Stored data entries

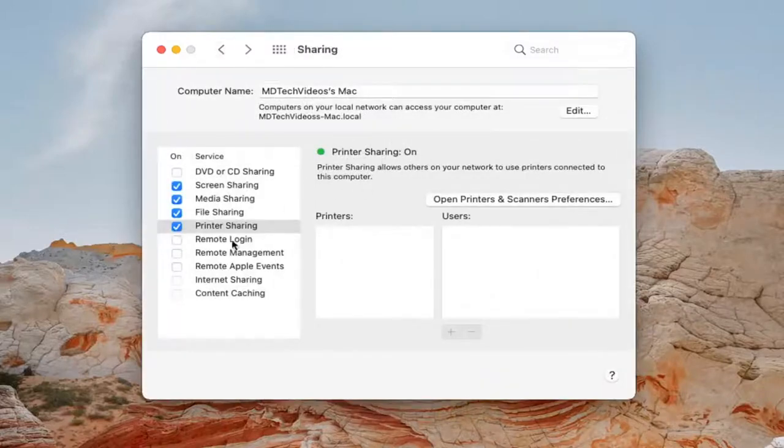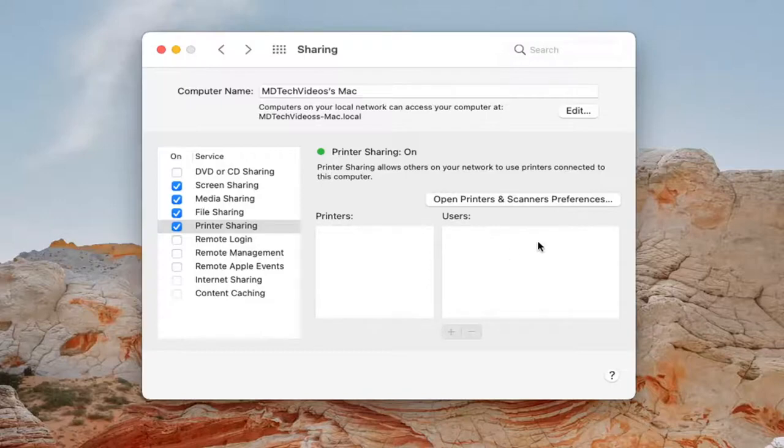Again, just want to make sure printer sharing is turned on like I just showed. And any installed printers should be shareable over your network at that point.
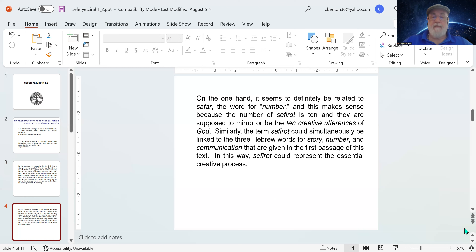Similarly, the term sefirot could simultaneously be linked to the three Hebrew words for story, number, and communication given in the first passage — sefir, safar, and sipur. This way, sefirot could represent the essential creative process. There's a place in the Zohar where it says these ten creative utterances can be reduced to just three: not story, number, and communication, but wisdom, understanding, and knowledge — which also refer to right brain, left brain, and the interaction of the two.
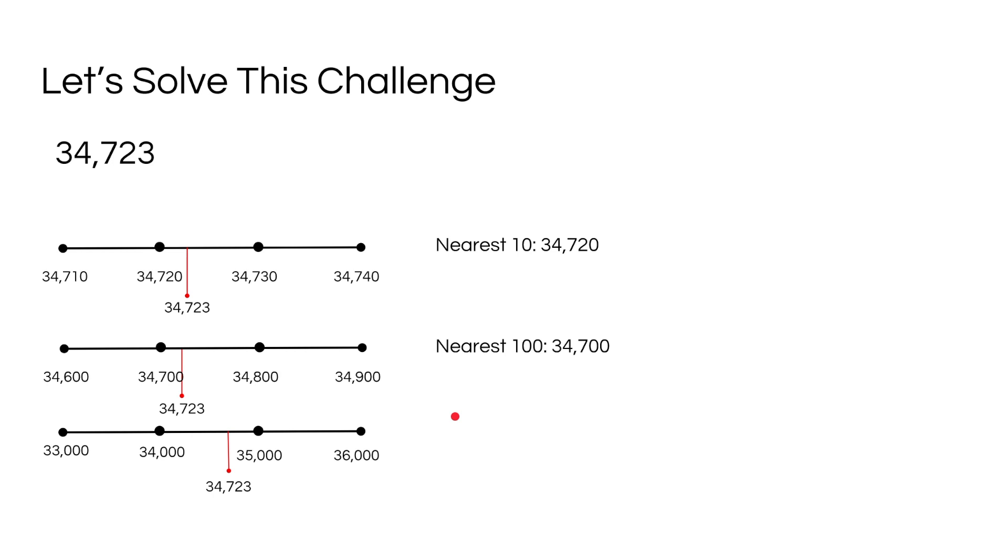There it is. And 34,723 rounds to 35,000 because our number is closer to 35,000 than 34,000.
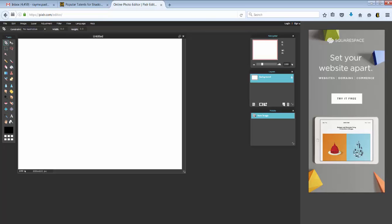You can choose colors. We even have some healing tools like a spot healing tool and a clone stamp tool. Very powerful features for such a simple program that's free and online.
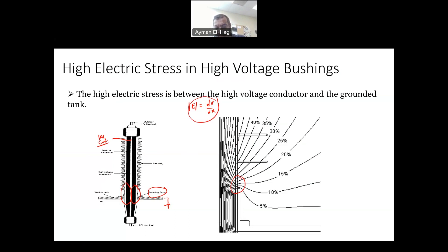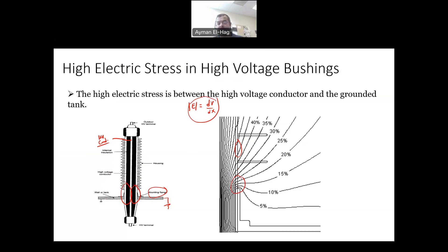The voltage difference between any two adjacent equipotential lines is five percent, but clearly the lines are much closer to each other at the area where you have high voltage on one side and ground on the other — visually demonstrating the high electrical stress at that region.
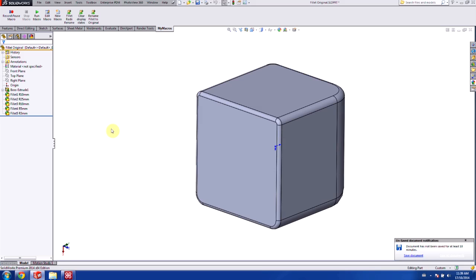So in today's video, we covered how to build a macro from the ground up. For more useful videos like this, subscribe to the Hawkridge Systems channel, and be sure to check out the next part in the macro video series. Thank you for watching.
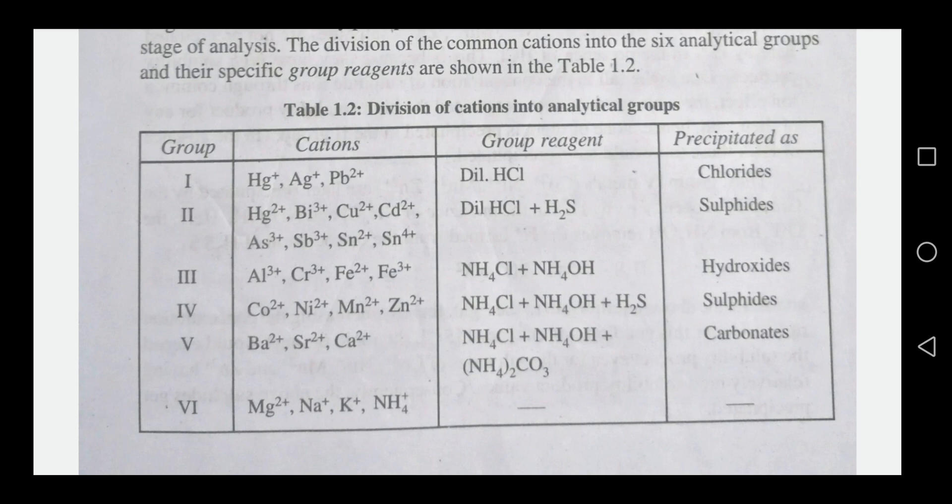The fifth group contains barium, strontium, and calcium, precipitated with ammonium hydroxide and carbon dioxide as carbonates. The sixth group contains magnesium, sodium, potassium, and ammonium ions.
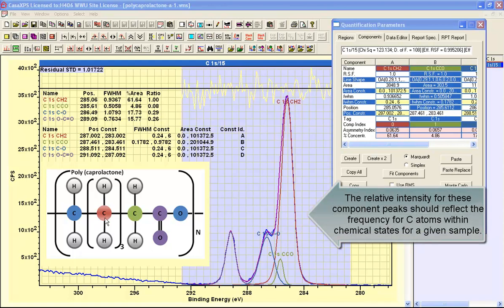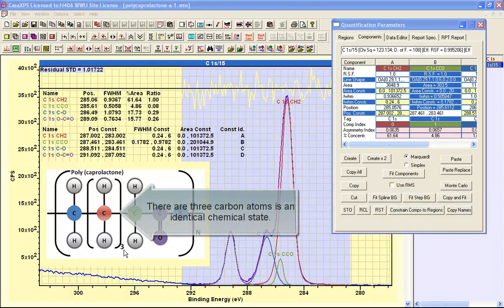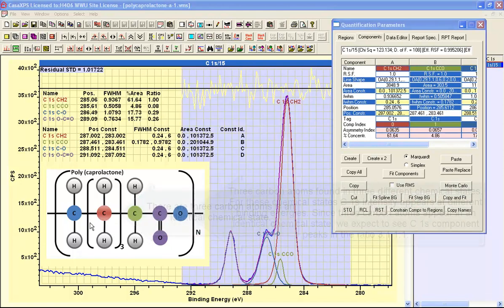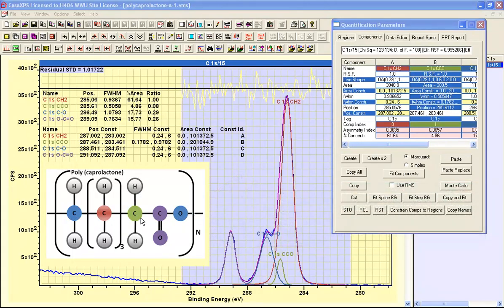We have one carbon that is found three times in the same chemical state, while we have three atoms, each of which are repeated only once in distinct chemical states.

### TASK INSTRUCTIONS
The records above need to be restated word for word, with the pictures left out.

### TASK OUTPUT
Again, just want to make sure printer sharing is turned on like I just showed. And any installed printers should be shareable over your network at that point.
Similarly, the term sefirot could simultaneously be linked to the three Hebrew words for story, number, and communication given in the first passage — sefir, safar, and sipur. This way, sefirot could represent the essential creative process. There's a place in the Zohar where it says these ten creative utterances can be reduced to just three: not story, number, and communication, but wisdom, understanding, and knowledge — which also refer to right brain, left brain, and the interaction of the two.
There it is. And 34,723 rounds to 35,000 because our number is closer to 35,000 than 34,000.
You can choose colors. We even have some healing tools like a spot healing tool and a clone stamp tool. Very powerful features for such a simple program that's free and online.
The voltage difference between any two adjacent equipotential lines is five percent, but clearly the lines are much closer to each other at the area where you have high voltage on one side and ground on the other — visually demonstrating the high electrical stress at that region.
So in today's video, we covered how to build a macro from the ground up. For more useful videos like this, subscribe to the Hawkridge Systems channel, and be sure to check out the next part in the macro video series. Thank you for watching.
The fifth group contains barium, strontium, and calcium, precipitated with ammonium hydroxide and carbon dioxide as carbonates. The sixth group contains magnesium, sodium, potassium, and ammonium ions.
We have one carbon that is found three times in the same chemical state, while we have three atoms, each of which are repeated only once in distinct chemical states.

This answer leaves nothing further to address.